More on the First Nations of Canada

What I am saying is that we have been here for eons and eons. We have always said that we will negotiate a treaty with the newcomers and it will be based on mutual respect, not favoring one over the other other, but so that all, ALL will flourish! That never happened. For our part, we still beleive that can happen, for the colonizers, they do not have the faith that it can happen. Faith and trust are what is needed in the belief of a sacred treaty for that is what a treaty is, it is sacred and to be revered honestly with moral teachings where everyone is taught in their own cultural ways that honor the treaty. Treaties are what kept the harmony for the most part back in the day. We still believe that this can happen and we have always said it can happen and we hope that it will happen for the sake of our children, seven generations!
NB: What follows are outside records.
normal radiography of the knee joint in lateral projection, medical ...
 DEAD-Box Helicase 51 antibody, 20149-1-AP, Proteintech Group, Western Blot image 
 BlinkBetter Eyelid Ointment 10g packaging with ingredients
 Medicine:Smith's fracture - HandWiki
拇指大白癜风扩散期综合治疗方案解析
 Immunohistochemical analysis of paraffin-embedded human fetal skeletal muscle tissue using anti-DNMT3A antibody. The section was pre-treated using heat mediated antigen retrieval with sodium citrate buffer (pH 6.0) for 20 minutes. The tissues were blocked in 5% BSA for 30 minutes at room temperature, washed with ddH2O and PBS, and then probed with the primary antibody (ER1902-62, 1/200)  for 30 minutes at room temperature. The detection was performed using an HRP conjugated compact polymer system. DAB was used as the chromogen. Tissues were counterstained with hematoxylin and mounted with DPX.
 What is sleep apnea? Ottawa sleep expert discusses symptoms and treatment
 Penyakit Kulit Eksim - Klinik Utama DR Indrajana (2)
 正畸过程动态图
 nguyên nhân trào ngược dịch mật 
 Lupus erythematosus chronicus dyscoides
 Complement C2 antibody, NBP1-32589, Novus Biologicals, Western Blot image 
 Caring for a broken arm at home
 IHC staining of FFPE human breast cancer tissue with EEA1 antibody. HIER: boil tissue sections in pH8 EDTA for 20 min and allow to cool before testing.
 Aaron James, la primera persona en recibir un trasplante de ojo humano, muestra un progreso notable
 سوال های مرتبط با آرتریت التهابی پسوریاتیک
More on the First Nations of Canada

I am resending this as I am not certain it came through the first time I sent it. With all due respect, here it is again. What I am saying is that when we struck a treaty, we understood that all was sacred including the very words and agreements in our treaties. This was to be honored in a sacred way. It is what kept the harmony and allowed everyone to flourish. That is what the intention was with the newcomers, the colonizers, our treaty would allow everyone, EVERYONE to flourish. This did not happen. There was no faith and trust in the treaties and there was corruption within them which originated on the part of the colonizers. We have always believed in our teachings and have always pointed to our treaties and have honored them even to the death of us, for it would be better to die than to corrupt the sacred treaty. that made it very advantageous to exploit the First Nations of Canada. Nevertheless, here we still are and we still point to the treaties. This principle defies the individualism inherent in your teaching. The teachings of respect and our sacred law keep us here, I think that is why we do not go away. We do not operate as individuals in a collective, we are all connected and that is the truth that we understand. I think again, Sam Harris has a good grasp on this truth. With all due respect to your teachings, I humbly submit my words.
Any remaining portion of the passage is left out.